Моим соседом был эстонец... Но мне так и не суждено было его увидеть. Его приговорили к расстрелу за надпись против Сталина на вагоне. Несколько месяцев он ждал утверждения приговора из Москвы... Стучал мне (не говорил, а именно стучал), что очень хочет жить, хоть и в такой камере... Но в одну из ночей его забрали... Позже выяснилось, что это было уже после смерти Сталина... Но я тогда, как дурак, верил Сталину. Лишь однажды, когда выносил парашу, то услышал, как надзиратели что-то перешептываются и упоминают о нем...
Я стал стучать соседу, а он ответил что-то вроде «хоть бы сдох». «Что ты, нас тогда всех перестреляют...» — ужаснулся я.
Такая большая вера в Сталина была и у других, особенно у грузин. Вон Гиви Чавчавадзе, о котором писалось выше, говорил о нем: «Великий сын маленького, но гениального народа». Он был в Тбилиси в какой-то компании, где о нашей системе говорили недостаточно почтительно. И не мог же он, имея старогрузинское княжеское происхождение, идти так — с доносом! Когда же взяли тех, взяли и его. А он считал, что это правильно — государство должно охранять себя, не жалея никого!
Взгляды князя Чавчавадзе я вспомнил почти через 40 лет. Это было в Тбилиси — там, в центре города, на одном из уже почти недействующих маленьких, очень красивых, с художественно выполненными памятниками кладбище мы увидели женщину. Высокая, стройная, несмотря на свои годы седая, в черном — типичная грузинская аристократка, каких в кино показывают. Разговорились... О Берии — «подлец», о Сталине — «герой, гений». Как же, а сколько крови? Ну и что, зато какое государство построил! — И она мне привела пример: в Персии был шах Абас — разве кто-то помнит, сколько он пролил крови? Зато осталась сильная Персия... Я тщетно пытаюсь понять ее, и мы говорим дальше, а она приглашает в гости (живет за 50-60 км от Тбилиси. Муж был доктор наук, сын тоже сейчас доктор наук). Поясняет — вот приехала в Тбилиси к сыну... «Почтительное молчание», и мы решили, что сын её на кладбище, но продолжает: «Сын в тюрьме — как доктор наук»... — «Сейчас как
будто не те времена!» — поражаюсь я. «Нет, за убийство!» (с гордостью). «За убийство?!» — отомстил за брата.
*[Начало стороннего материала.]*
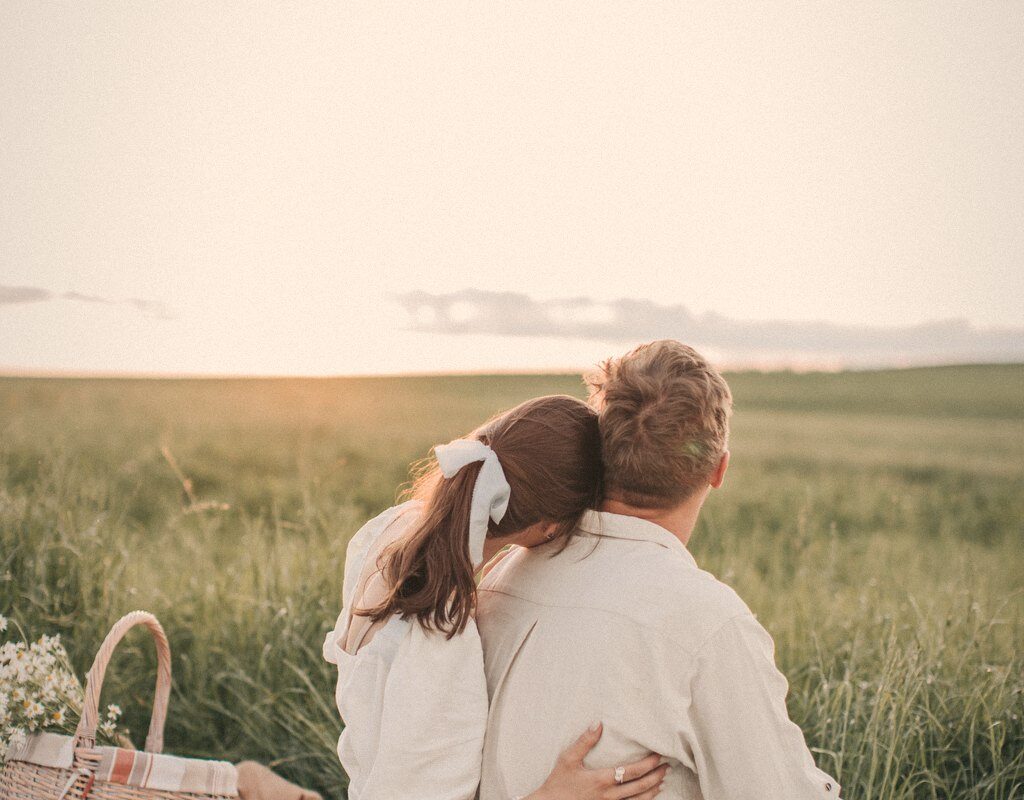 A couple sitting close on a picnic blanket at sunset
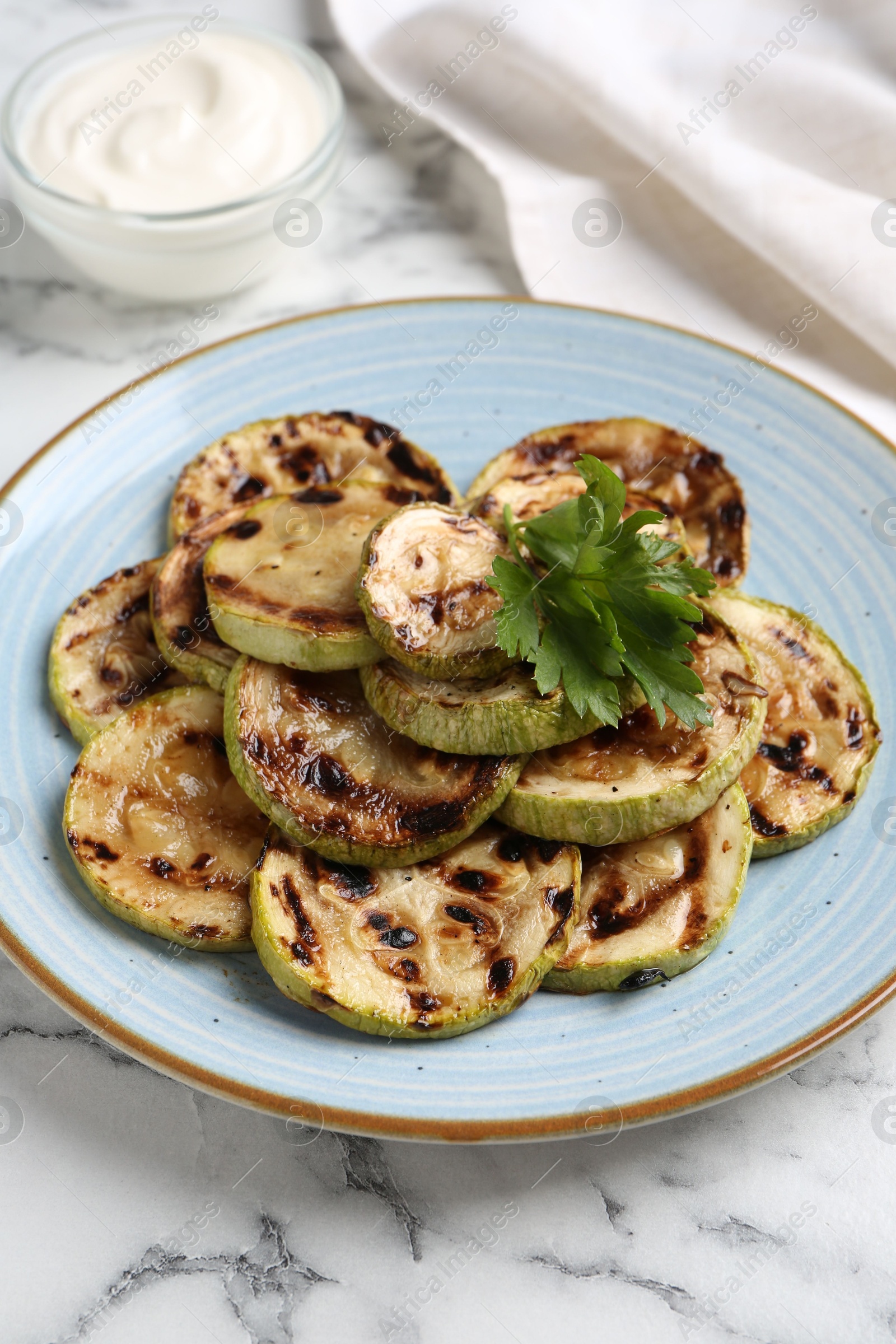 Photo of Tasty grilled zucchini slices with parsley on white marble table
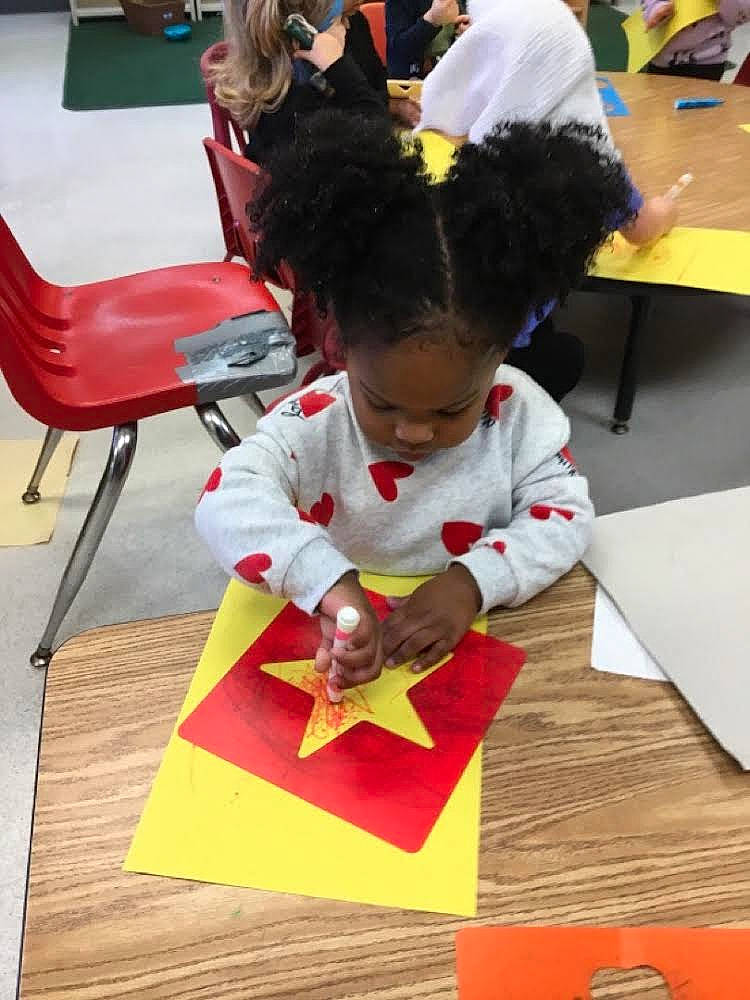 Queen is registered to the contest to win money with this photo: carmine, chair, child, education, event, flooring, fun, kindergarten, learning, leisure, person, play, reading, recreation, room, sharing, sitting, table, toddler, wood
Стало ясно: любовь к Сталину, к государственному началу, не жалея ничего и никого. Тогда я и вспомнил Гиви Чавчавадзе.
Кстати, я тоже, как и Гиви, считал, что меня арестовали верно: ведь мои действия подрывали устои державы. И в лагере я даже пробовал освоить великих основоположников, несмотря на то, что за это могли и голову оторвать...
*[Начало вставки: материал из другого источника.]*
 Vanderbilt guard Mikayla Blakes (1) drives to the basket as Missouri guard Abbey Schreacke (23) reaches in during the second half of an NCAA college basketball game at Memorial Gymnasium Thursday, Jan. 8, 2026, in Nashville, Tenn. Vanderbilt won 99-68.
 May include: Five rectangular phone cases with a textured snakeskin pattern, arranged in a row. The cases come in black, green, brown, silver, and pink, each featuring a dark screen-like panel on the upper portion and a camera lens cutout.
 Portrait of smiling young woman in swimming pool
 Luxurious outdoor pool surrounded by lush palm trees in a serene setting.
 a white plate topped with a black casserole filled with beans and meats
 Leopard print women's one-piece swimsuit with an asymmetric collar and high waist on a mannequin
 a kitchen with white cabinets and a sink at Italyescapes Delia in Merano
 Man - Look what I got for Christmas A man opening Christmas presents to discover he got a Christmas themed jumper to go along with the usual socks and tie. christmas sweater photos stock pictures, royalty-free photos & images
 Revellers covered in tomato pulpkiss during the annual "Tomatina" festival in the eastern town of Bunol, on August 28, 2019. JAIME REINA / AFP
Но вернусь в мою камеру...
Почему-то я был уверен, что убийство Лившица — работа самого Д. Эту выдумку подхватил Магазинник. В годы, предшествующие смерти Сталина, евреи, особенно в органах, очевидно чувствовали себя крайне «неудобно». Поддерживая версии Д., следователь Магазинник хотел показать, что он безразлично (даже более того, антипредвзято) относится к делу, если обвиняются евреи.
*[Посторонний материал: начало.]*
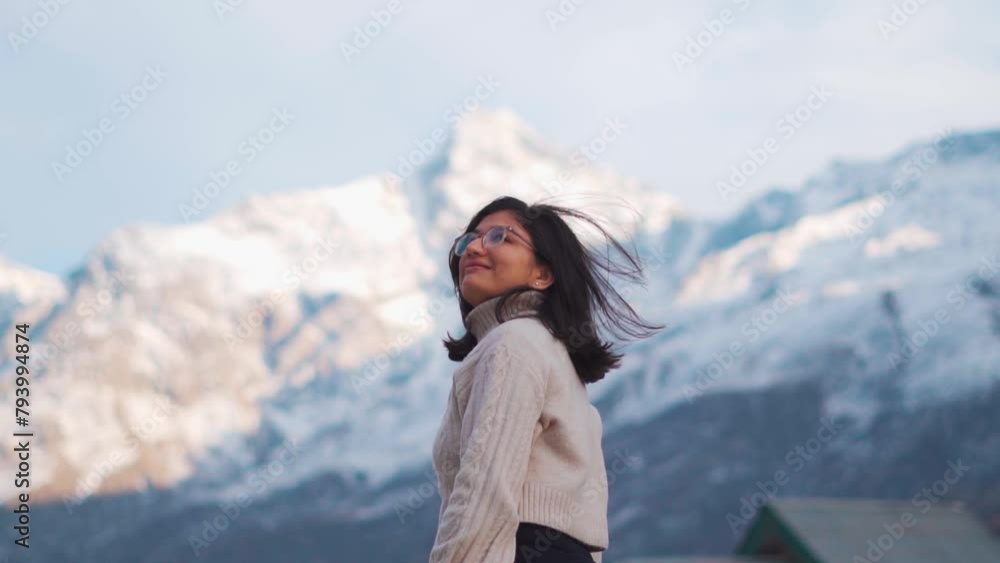 Portrait of happy Indian girl portrait. Girl standing against snow mountains in Lahaul, Himachal Pradesh, India. Tourist enjoying holiday trip in mountains. Solo traveler, backpacking concept. Portrait of happy Indian girl portrait. Girl standing against snow mountains in Lahaul, Himachal Pradesh, India. Tourist enjoying holiday trip in mountains. Solo traveler, backpacking concept.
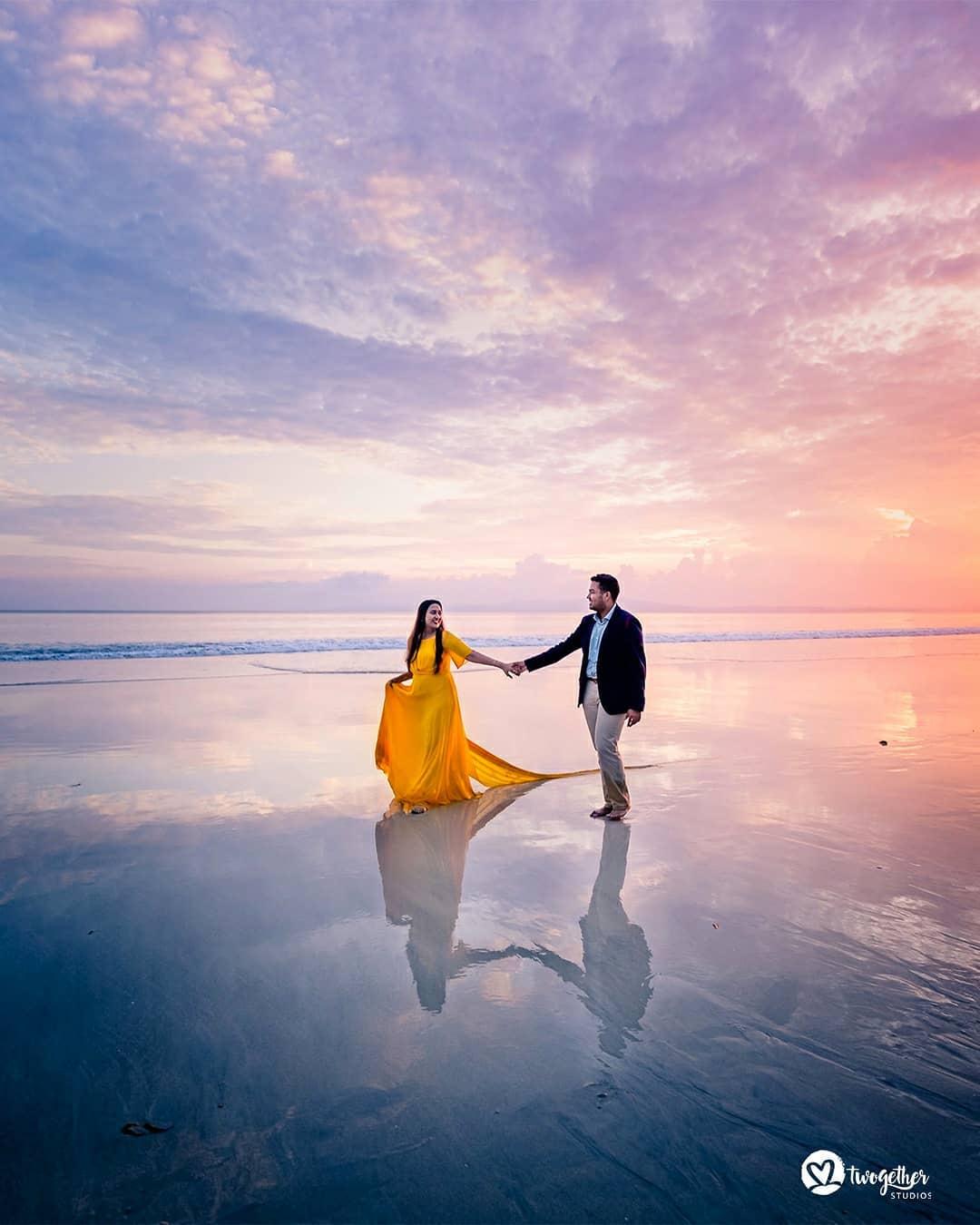 Indian couple in traditional attire by the beach side Stock Photo - Alamy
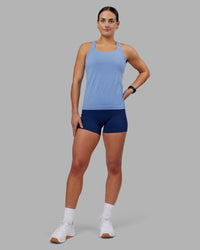 Woman wearing AeroFLX+ Seamless Tank - Cornflower Blue Marl | Model:Keisha | Size:S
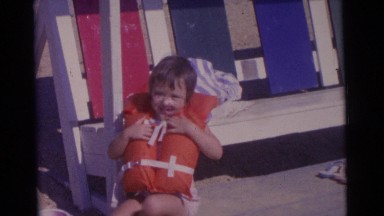 1963: a small child wearing a lifevest on the beach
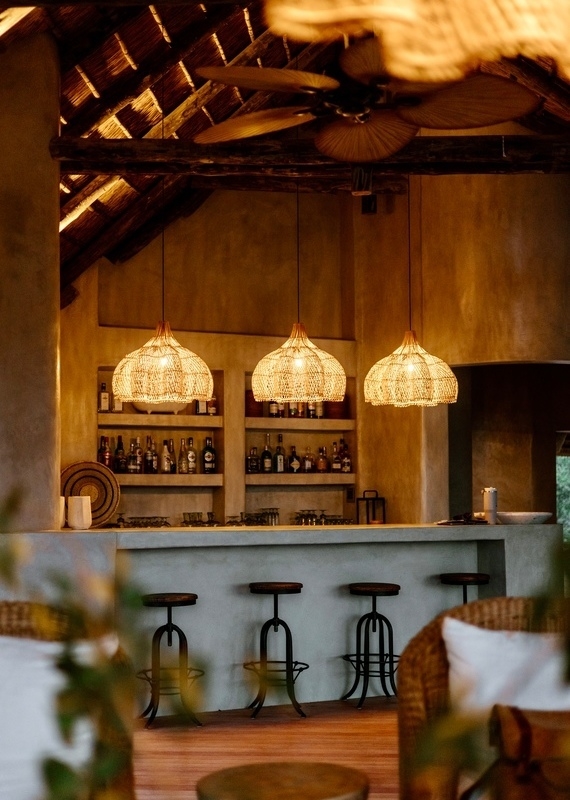 A safari lodge bar with three woven pendant lights illuminating a concrete counter and matching bar stools.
Часто говорят, что евреи по-особому относятся друг к другу: помогают, всячески поддерживают и т.д. Не знаю. На моем приговоре стоит подпись полковника Рафаэля — еврея. Выше я писал, как нас встретил в лагере лагерник — Мишка Водовоз (может, благодаря его первому совету я и выжил?). Но другой еврей — Голуб, мастер в Восточном Конграде — кричал мне, что мы враги советских евреев и проклинал нас. В грубом отношении к христианским святыням часто склоняют имена: Кагановича, Свердлова, Троцкого. А разве иначе относились они и к еврейским святыням?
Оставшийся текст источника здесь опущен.